Comparative evaluation of experimental and phasefield modeling approaches in the tensile response of S1100QL steel

Abstract

Phase-field Damage Modeling (PFDM) has gained considerable attention as a robust framework for representing material degradation and failure. Its capacity to describe the progressive evolution of damage has led to increasing integration into finite element method (FEM) codes, establishing PFDM as a promising tool for structural assessment. In this study, an axisymmetric PFDM formulation is implemented and validated through comparison with experimental tensile tests on high-strength S1100QL steel specimens. Cylindrical specimens were machined from the base material using CNC lathes to determine its tensile properties.
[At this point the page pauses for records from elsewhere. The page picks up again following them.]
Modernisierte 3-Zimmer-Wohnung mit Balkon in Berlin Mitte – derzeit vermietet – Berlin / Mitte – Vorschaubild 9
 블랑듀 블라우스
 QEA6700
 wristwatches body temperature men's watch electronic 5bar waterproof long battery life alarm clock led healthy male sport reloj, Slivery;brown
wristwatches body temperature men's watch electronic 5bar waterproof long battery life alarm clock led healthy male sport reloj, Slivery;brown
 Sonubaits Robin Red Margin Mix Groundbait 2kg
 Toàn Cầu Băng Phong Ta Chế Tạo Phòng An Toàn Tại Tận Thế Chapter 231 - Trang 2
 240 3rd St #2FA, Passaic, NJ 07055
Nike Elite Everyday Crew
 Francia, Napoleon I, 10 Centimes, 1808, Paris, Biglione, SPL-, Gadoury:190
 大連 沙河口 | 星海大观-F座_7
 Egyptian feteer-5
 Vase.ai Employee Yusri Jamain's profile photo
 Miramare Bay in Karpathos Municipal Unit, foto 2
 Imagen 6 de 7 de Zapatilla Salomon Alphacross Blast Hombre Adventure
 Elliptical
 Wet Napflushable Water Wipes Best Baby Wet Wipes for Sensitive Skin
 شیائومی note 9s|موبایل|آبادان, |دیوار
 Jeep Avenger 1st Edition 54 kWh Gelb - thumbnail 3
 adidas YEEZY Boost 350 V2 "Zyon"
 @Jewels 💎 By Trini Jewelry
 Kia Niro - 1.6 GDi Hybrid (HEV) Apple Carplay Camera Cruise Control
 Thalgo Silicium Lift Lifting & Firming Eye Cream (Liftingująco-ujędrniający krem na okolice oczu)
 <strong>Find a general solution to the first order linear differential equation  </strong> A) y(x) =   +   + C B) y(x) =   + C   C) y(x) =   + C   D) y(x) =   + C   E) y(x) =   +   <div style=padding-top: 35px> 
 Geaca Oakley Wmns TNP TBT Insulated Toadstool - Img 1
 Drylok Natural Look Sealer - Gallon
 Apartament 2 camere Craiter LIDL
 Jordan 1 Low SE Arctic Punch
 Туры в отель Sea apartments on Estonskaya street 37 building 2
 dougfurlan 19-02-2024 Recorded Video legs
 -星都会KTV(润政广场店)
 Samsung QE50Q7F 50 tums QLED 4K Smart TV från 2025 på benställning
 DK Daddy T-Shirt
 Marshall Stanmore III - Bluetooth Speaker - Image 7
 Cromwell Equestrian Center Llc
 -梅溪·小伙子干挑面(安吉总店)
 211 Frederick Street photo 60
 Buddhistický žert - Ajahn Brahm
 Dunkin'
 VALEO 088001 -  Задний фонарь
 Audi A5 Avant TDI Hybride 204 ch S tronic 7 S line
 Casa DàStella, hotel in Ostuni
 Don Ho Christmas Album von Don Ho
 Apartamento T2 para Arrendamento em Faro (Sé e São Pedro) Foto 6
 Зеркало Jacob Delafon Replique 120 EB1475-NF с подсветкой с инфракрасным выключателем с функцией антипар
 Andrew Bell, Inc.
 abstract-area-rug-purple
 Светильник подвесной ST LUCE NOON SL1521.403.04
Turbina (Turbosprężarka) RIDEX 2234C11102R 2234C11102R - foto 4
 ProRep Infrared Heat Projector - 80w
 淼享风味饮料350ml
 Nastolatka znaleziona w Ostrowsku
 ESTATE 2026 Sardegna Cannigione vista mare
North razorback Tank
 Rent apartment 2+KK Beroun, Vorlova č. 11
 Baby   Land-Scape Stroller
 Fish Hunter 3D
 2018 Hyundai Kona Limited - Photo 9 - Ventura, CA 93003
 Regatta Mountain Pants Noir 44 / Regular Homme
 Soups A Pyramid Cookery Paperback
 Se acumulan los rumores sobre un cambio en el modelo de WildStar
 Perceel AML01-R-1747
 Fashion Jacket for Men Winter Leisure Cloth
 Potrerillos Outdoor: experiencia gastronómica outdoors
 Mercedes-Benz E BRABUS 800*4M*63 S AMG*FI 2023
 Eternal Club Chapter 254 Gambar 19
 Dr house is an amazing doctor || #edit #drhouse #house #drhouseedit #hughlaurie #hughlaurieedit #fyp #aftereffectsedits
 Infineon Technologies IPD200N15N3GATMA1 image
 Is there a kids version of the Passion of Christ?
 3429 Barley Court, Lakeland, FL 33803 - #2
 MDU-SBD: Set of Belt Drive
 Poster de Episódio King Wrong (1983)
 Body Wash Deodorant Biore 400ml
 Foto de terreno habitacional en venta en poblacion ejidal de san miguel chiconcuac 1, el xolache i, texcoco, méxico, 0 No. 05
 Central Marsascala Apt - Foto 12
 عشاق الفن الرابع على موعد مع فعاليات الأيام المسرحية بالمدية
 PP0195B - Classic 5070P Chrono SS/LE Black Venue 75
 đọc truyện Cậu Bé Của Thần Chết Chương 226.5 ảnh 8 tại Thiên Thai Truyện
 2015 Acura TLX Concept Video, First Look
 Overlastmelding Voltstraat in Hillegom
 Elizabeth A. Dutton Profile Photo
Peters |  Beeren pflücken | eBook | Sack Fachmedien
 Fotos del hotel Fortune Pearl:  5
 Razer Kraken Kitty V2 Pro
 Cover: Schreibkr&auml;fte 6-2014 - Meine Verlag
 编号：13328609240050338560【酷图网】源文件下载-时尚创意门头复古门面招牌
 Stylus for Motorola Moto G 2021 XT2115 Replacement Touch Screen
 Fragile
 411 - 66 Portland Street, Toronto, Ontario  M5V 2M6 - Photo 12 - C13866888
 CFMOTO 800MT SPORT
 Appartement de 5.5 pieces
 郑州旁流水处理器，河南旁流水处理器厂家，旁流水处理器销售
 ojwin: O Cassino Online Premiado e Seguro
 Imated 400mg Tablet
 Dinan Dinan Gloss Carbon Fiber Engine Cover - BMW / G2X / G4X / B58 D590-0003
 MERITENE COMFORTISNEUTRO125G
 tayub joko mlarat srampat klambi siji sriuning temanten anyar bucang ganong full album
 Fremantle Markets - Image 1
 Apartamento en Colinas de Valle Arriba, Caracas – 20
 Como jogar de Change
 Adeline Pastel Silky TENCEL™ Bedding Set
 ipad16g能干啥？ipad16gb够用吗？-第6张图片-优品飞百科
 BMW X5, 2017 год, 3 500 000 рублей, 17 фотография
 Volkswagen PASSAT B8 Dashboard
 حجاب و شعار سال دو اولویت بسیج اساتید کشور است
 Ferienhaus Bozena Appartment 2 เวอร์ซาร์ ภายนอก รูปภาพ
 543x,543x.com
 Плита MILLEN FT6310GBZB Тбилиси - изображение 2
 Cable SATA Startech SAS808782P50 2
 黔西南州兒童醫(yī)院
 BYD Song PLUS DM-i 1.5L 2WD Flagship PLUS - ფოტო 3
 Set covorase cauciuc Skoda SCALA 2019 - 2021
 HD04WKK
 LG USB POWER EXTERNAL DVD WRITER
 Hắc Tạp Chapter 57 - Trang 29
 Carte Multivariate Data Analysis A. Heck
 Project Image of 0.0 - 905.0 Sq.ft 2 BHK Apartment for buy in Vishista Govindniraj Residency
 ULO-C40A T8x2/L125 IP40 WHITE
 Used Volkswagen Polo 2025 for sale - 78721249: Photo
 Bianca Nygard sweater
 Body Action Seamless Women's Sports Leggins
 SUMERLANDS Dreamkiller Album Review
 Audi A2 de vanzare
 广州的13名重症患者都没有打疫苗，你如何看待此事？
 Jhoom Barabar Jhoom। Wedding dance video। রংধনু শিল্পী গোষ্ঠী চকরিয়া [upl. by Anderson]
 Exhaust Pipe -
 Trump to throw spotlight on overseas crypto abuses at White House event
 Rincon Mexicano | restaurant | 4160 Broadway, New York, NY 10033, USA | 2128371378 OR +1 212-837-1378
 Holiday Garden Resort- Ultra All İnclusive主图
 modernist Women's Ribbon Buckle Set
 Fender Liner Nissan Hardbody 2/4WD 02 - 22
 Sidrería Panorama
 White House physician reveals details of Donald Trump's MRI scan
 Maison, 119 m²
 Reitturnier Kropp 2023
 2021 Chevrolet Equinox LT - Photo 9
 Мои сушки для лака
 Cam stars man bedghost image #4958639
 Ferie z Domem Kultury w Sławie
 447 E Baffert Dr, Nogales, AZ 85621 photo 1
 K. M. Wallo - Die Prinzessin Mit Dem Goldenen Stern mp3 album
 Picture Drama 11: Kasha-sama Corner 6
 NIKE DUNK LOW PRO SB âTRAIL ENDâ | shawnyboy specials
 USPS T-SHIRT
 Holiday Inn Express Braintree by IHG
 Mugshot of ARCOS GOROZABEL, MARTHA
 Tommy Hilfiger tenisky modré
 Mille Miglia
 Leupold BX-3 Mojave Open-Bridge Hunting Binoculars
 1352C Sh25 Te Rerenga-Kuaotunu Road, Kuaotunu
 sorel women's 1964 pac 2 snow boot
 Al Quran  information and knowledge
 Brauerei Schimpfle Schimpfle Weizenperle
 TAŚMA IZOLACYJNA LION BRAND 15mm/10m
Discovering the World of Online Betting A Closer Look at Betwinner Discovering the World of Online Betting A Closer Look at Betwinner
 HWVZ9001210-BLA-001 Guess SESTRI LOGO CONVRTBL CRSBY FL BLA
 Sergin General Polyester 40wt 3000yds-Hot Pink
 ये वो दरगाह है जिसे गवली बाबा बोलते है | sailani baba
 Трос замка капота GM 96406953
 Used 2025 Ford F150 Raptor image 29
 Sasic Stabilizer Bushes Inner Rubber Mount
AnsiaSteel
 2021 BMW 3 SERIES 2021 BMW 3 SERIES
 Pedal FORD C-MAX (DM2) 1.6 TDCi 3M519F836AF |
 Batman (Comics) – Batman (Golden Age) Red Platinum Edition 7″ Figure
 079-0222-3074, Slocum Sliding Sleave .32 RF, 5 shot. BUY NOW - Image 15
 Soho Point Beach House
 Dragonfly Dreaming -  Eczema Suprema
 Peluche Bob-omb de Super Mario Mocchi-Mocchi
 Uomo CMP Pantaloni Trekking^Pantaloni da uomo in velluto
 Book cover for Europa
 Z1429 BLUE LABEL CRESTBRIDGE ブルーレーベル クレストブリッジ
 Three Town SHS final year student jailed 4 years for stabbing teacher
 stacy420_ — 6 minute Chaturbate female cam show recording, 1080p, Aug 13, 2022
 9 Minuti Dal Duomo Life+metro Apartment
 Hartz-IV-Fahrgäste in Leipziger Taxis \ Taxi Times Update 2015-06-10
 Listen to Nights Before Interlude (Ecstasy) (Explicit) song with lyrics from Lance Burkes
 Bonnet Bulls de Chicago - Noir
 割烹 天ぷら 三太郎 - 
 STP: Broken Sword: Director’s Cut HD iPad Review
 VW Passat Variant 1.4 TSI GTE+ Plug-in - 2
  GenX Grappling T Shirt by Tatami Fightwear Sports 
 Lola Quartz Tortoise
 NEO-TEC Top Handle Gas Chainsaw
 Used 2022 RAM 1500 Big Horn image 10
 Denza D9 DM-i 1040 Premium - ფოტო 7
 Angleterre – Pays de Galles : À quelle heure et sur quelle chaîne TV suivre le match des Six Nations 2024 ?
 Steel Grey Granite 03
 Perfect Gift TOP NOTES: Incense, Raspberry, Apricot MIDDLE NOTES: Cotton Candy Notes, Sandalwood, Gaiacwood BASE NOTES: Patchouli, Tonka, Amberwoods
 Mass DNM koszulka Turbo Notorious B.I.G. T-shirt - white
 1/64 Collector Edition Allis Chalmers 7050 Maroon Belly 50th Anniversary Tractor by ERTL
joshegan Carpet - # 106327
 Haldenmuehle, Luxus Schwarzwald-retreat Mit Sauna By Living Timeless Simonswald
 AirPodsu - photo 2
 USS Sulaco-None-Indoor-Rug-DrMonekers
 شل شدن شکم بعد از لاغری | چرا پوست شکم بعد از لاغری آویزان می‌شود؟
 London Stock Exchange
The tensile tests were subsequently performed on a universal testing machine, ZWICK ROELL Z/100 (ZWICKROELL GmbH, Ulm, Germany) (Fig. 1a). The critical-total strain-based PFDM implemented into the software PAK-DAM v25 is used for numerical analysis of tensile tests. For numerical simulation, an FE model was created using 2D axisymmetric finite elements. The simulation was performed using the large strain von Mises plasticity constitutive model and logarithmic strain measure. The created FE model consists of 970 elements and 1078 nodes. The FE model, boundary conditions, and loading of the specimen are given in Fig. 1b. In Fig. 1c, a comparison of the stress-strain diagram for the numerical simulation and the experiment is given. The results show good agreement between the experiment and the numerical simulation results.